◆ Raw data:
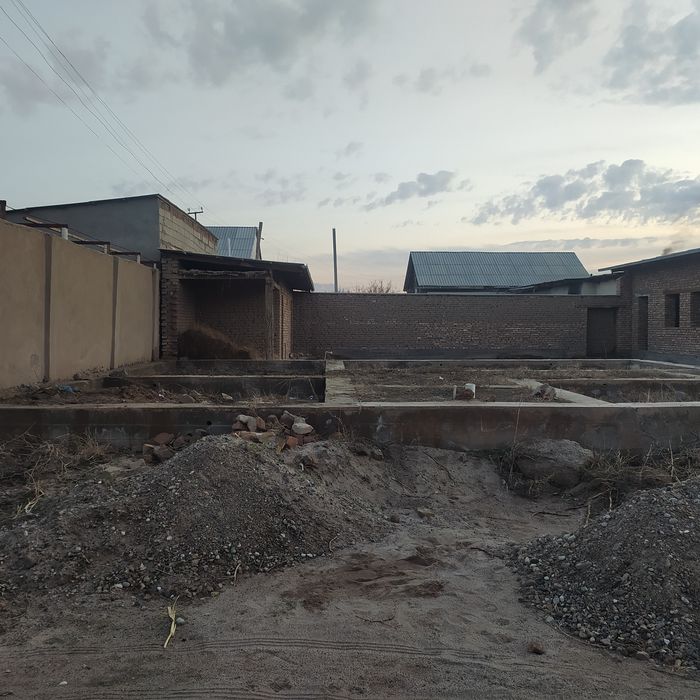 Курилиши тугалланмаган ховли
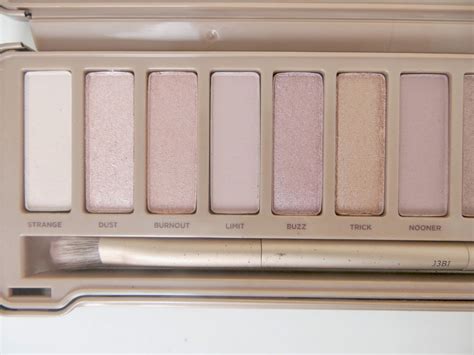 Elle Sees Beauty Blogger In Atlanta Urban Decay Naked Palette Review Tutorial Giveaway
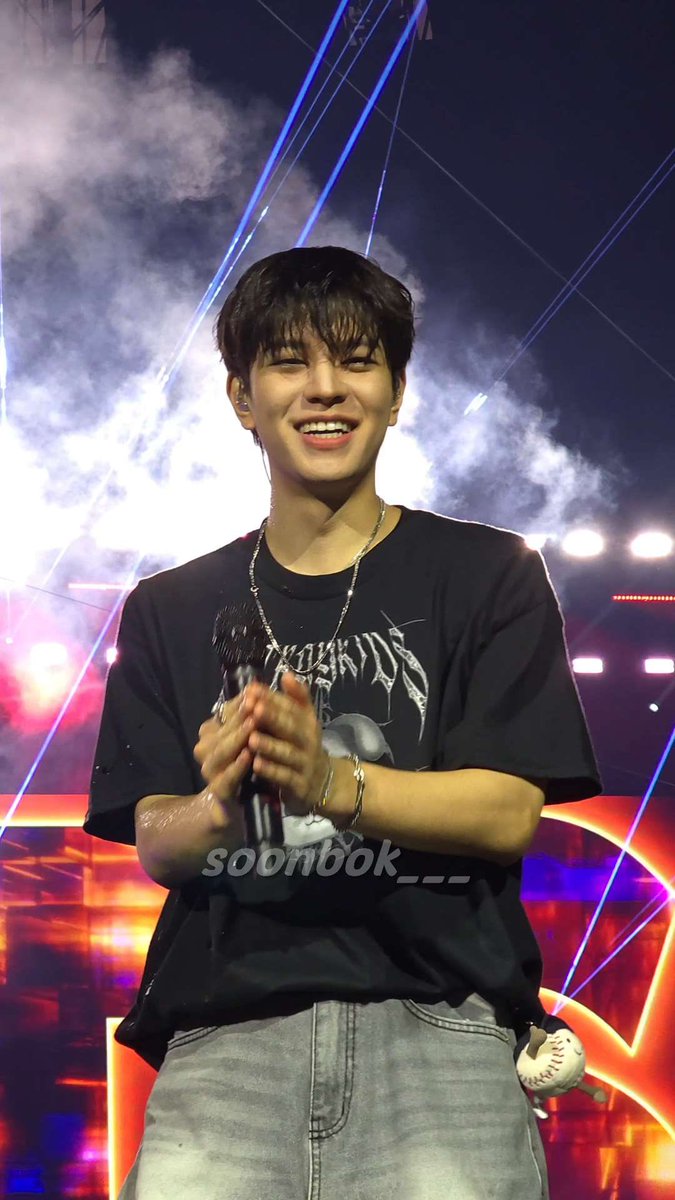 lili’s small but certain happiness tweet media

◆ Task details: In the data above, find the line with "Elle Sees Beauty" and repeat it and every line after it through the end, exactly; leave the pictures out.

◆ Reply:
 Elle Sees Beauty Blogger In Atlanta Urban Decay Naked Palette Review Tutorial Giveaway
 lili’s small but certain happiness tweet media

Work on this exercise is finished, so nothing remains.